A child in Jharkhand, eastern India, breathes air that is heavily polluted by smoke spewing from underground coal-mine fires.Credit: Robb Kendrick/NGC

Poor air quality is one of the leading five health risks worldwide, along with high blood pressure, tobacco smoking, diabetes and being overweight1,2. In 2015, it contributed to nearly 8% of all deaths worldwide2. Long-term exposure to polluted air has been linked to respiratory infections, chronic obstructive pulmonary disease, stroke, heart attack and lung cancer. It is justifiably called ‘passive outdoor smoking’.

Air pollutants such as nitrogen oxides (NO and NO2, together called NOx), ozone (O3) and particulates must be controlled in cities and other polluted regions3,4. Fine particulate matter with a diameter of less than 2.5 micrometres (PM2.5) is the chief hazard because it is small enough to penetrate deep into human airways and lungs.

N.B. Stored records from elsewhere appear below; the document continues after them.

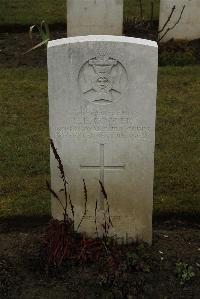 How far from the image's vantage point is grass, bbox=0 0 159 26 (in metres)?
10.9

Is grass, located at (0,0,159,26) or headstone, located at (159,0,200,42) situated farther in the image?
grass, located at (0,0,159,26)

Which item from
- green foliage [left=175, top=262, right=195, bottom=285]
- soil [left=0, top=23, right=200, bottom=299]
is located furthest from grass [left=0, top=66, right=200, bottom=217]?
green foliage [left=175, top=262, right=195, bottom=285]

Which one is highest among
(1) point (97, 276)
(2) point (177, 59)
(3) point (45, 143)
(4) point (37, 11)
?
(4) point (37, 11)

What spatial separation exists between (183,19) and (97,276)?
6.04 metres

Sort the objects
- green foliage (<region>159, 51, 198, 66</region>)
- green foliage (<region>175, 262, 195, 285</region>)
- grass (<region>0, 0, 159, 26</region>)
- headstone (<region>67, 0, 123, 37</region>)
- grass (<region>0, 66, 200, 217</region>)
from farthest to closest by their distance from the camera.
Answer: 1. grass (<region>0, 0, 159, 26</region>)
2. headstone (<region>67, 0, 123, 37</region>)
3. green foliage (<region>159, 51, 198, 66</region>)
4. grass (<region>0, 66, 200, 217</region>)
5. green foliage (<region>175, 262, 195, 285</region>)

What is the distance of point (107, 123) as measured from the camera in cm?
446

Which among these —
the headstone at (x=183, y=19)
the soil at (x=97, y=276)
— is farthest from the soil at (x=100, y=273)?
the headstone at (x=183, y=19)

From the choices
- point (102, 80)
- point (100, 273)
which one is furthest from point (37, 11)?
point (100, 273)

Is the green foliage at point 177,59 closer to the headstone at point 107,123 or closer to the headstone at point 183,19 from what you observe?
the headstone at point 183,19

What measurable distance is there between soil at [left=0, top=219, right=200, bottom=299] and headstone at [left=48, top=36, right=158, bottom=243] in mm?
263

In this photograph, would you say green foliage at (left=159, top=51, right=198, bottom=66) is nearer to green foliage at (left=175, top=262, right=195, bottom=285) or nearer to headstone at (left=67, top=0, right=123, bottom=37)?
headstone at (left=67, top=0, right=123, bottom=37)

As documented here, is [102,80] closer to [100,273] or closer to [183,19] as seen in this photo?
[100,273]

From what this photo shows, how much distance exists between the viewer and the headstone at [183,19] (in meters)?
9.47

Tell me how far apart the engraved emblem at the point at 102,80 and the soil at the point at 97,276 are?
1144 mm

More than 90% of the world’s population — about 7 billion people — is exposed to outdoor pollution above the World Health Organization (WHO) guideline limit of 10 micrograms of PM2.5 per cubic metre averaged over a year4.

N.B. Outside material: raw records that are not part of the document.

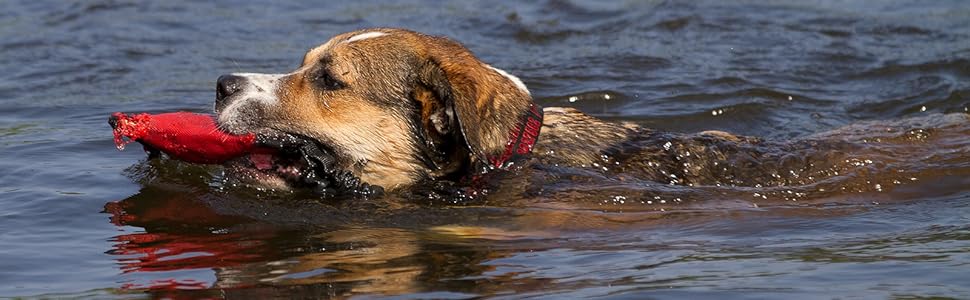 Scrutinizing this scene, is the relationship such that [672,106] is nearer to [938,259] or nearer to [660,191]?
[660,191]

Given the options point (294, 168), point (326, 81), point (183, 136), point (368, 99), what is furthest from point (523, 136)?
point (183, 136)

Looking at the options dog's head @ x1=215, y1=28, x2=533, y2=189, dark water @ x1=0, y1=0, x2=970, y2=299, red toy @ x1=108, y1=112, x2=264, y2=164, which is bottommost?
dark water @ x1=0, y1=0, x2=970, y2=299

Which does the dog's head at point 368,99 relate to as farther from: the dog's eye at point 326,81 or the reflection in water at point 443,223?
the reflection in water at point 443,223

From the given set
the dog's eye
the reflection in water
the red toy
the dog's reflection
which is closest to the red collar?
the reflection in water

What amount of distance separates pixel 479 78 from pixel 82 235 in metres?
2.04

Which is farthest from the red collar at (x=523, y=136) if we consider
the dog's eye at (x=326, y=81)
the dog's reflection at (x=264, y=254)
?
the dog's eye at (x=326, y=81)

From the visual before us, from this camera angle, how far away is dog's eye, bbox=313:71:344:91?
7.25 meters

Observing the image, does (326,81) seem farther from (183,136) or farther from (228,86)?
(183,136)

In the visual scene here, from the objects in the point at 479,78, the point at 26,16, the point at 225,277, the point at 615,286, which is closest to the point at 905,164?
the point at 479,78

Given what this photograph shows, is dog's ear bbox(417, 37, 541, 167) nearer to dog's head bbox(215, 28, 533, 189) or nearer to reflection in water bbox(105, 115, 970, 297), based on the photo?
dog's head bbox(215, 28, 533, 189)

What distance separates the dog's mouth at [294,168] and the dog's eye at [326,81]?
28 centimetres

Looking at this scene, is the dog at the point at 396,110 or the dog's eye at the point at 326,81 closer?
the dog at the point at 396,110

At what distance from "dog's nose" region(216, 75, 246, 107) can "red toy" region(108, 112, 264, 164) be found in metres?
0.20

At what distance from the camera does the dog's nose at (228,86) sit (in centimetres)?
722
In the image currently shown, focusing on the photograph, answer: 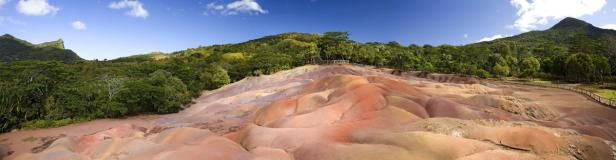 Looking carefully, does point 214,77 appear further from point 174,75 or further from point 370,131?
point 370,131

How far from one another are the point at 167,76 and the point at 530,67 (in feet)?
280

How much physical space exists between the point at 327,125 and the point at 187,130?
42.4 feet

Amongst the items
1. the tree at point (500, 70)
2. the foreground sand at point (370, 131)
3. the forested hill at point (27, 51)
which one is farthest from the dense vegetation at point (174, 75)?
the forested hill at point (27, 51)

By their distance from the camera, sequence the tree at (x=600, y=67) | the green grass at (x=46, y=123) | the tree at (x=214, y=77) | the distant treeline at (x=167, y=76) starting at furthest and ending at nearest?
the tree at (x=214, y=77) → the tree at (x=600, y=67) → the distant treeline at (x=167, y=76) → the green grass at (x=46, y=123)

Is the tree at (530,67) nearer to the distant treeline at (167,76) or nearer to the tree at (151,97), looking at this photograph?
the distant treeline at (167,76)

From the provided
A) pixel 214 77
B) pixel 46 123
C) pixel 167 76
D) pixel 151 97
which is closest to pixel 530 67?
pixel 214 77

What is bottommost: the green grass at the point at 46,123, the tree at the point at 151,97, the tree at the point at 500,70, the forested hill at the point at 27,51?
the green grass at the point at 46,123

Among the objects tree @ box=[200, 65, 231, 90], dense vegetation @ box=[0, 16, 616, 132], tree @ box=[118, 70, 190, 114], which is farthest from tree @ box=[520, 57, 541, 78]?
tree @ box=[118, 70, 190, 114]

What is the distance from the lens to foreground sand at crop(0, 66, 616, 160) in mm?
28531

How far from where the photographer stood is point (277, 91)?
237 feet

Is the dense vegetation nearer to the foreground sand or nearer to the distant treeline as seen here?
the distant treeline

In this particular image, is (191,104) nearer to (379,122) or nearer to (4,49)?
(379,122)

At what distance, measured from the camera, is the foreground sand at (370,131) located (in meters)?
28.5

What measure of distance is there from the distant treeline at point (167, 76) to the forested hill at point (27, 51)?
6889 cm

Around 4.5 million people die each year from the effects of outdoor air pollution1,2, a figure corroborated last month by the Lancet Commission on Pollution and Health. Half of these are in China and India, although Russia has a higher per-capita death rate: about 1.6 inhabitants per thousand each year, twice as many as in India5. On average, each person affected dies 28 years earlier than they would do if they had breathed clean air, amounting to some 120 million years of human life lost each year5 (see ‘Lost years’).

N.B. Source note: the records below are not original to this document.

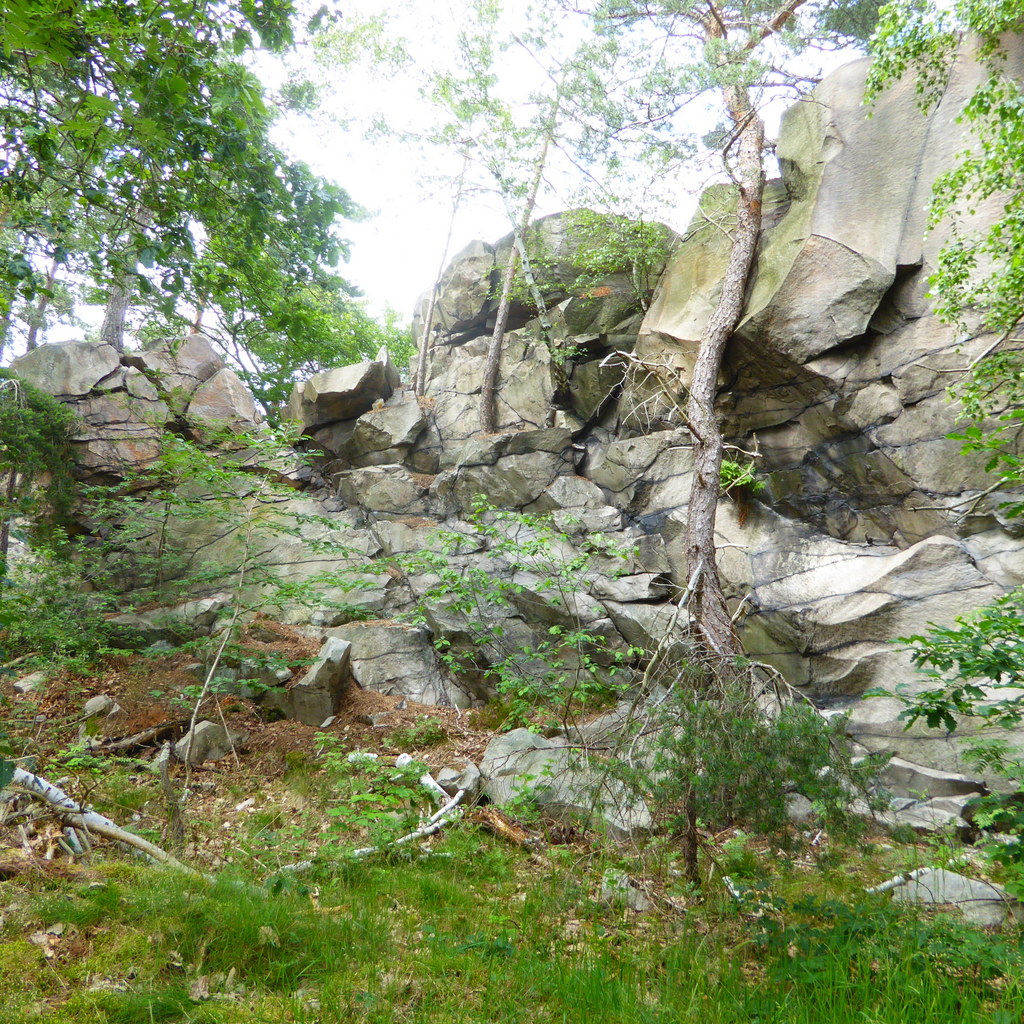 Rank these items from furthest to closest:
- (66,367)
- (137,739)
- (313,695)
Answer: (66,367) < (313,695) < (137,739)

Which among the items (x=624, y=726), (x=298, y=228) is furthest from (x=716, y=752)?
(x=298, y=228)

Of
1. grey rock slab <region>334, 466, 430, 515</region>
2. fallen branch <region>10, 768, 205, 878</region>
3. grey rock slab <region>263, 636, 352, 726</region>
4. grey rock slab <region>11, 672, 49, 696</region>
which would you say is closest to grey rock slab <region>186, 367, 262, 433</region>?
grey rock slab <region>334, 466, 430, 515</region>

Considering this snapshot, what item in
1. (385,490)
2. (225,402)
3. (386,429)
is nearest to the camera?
(385,490)

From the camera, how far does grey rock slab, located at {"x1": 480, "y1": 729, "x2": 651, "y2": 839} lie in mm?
5430

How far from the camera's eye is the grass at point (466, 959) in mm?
2768

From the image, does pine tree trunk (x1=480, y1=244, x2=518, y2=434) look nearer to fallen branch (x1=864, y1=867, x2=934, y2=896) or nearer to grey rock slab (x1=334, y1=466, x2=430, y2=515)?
grey rock slab (x1=334, y1=466, x2=430, y2=515)

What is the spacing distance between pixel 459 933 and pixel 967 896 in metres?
3.55

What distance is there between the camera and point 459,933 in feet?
12.8

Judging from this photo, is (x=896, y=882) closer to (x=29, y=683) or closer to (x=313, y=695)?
(x=313, y=695)

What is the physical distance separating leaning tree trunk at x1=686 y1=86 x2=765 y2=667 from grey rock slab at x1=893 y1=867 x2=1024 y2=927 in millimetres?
1922

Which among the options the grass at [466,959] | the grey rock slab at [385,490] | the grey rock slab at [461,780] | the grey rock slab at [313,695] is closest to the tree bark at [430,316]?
the grey rock slab at [385,490]

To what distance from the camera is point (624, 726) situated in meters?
4.64

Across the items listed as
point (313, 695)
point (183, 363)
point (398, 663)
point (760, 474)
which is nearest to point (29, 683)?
point (313, 695)

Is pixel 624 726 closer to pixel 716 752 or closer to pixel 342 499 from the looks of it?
pixel 716 752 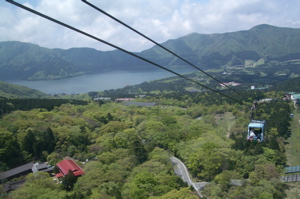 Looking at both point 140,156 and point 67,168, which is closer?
point 67,168

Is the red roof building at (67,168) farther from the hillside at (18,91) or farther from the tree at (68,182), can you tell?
the hillside at (18,91)

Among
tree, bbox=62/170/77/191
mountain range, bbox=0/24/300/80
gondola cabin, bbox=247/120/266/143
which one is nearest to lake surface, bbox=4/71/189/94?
mountain range, bbox=0/24/300/80

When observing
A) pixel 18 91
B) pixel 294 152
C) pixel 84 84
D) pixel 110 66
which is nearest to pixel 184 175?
pixel 294 152

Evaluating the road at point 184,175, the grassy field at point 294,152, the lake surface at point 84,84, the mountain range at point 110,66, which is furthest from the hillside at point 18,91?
the mountain range at point 110,66

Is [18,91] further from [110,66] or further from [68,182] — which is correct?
[110,66]

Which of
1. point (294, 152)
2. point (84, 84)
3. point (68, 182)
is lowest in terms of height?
point (294, 152)

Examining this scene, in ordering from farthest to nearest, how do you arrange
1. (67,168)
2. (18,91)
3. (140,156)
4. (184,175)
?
(18,91), (140,156), (184,175), (67,168) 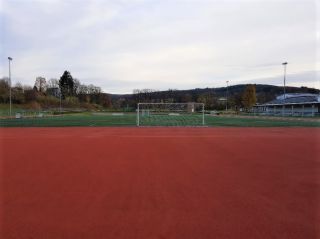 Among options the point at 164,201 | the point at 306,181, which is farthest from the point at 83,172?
the point at 306,181

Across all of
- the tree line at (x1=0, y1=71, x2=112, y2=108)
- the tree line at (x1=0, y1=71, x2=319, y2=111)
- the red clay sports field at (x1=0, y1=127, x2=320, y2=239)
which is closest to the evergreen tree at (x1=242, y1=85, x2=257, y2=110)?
the tree line at (x1=0, y1=71, x2=319, y2=111)

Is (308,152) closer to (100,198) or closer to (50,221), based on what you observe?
(100,198)

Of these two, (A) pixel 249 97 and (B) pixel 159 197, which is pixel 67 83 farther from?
(B) pixel 159 197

World map showing years of life lost annually owing to air pollution

Sources: WHO/Ref. 5

Air-quality regulations in most countries fall short of preventing disease and mortality, and annual standards for PM2.5 often exceed the WHO guideline limit. In the European Union, the current limit of 25 micrograms per cubic metre (µg m–3) will be reduced to less than 20 µg m–3 in 2020. Yet an estimated 274,000 deaths in the region are related to poor air quality. In Japan, the limit is 15 µg m–3 (79,000 related deaths) and in the United States, 12 µg m–3 (115,000 related deaths)5. The ‘safe threshold’, or minimum-risk exposure level, was lowered in May after epidemiological studies2 indicated that it should be dropped from 5.8–8.8 µg m–3 to 2.4–5.9 µg m–3. This is well below the WHO limit.

Although public-health specialists have uncovered connections between air pollution, disease and mortality, further information is needed to disentangle the causes and effects. For example, the toxicities of different types of particulates, individually and in mixtures, are poorly known. Too few atmospheric chemists work directly on health impacts.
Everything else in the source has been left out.